* Task to carry out
Repeat precisely the span of lines below that opens with the line containing "g) Banheira" and closes with the line containing "COROLLA, AURIS. ZZE150", both included.

* Records shown
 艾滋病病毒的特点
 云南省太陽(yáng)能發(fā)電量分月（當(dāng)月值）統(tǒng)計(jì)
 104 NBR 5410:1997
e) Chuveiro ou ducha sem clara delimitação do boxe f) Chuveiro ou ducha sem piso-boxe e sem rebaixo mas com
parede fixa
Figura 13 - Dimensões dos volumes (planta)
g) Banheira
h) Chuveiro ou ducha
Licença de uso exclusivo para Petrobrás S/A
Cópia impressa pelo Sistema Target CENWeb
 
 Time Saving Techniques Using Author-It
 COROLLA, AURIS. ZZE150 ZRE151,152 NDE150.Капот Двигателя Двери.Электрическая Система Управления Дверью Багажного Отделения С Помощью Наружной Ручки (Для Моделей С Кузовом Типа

...

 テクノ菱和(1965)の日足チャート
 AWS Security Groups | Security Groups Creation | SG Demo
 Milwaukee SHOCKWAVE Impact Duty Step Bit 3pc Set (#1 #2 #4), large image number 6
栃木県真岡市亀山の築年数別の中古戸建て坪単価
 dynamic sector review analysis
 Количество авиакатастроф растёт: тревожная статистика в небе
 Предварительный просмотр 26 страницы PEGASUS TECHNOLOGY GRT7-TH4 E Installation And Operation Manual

* Response for this exercise
g) Banheira
h) Chuveiro ou ducha
Licença de uso exclusivo para Petrobrás S/A
Cópia impressa pelo Sistema Target CENWeb
 
 Time Saving Techniques Using Author-It
 COROLLA, AURIS. ZZE150 ZRE151,152 NDE150.Капот Двигателя Двери.Электрическая Система Управления Дверью Багажного Отделения С Помощью Наружной Ручки (Для Моделей С Кузовом Типа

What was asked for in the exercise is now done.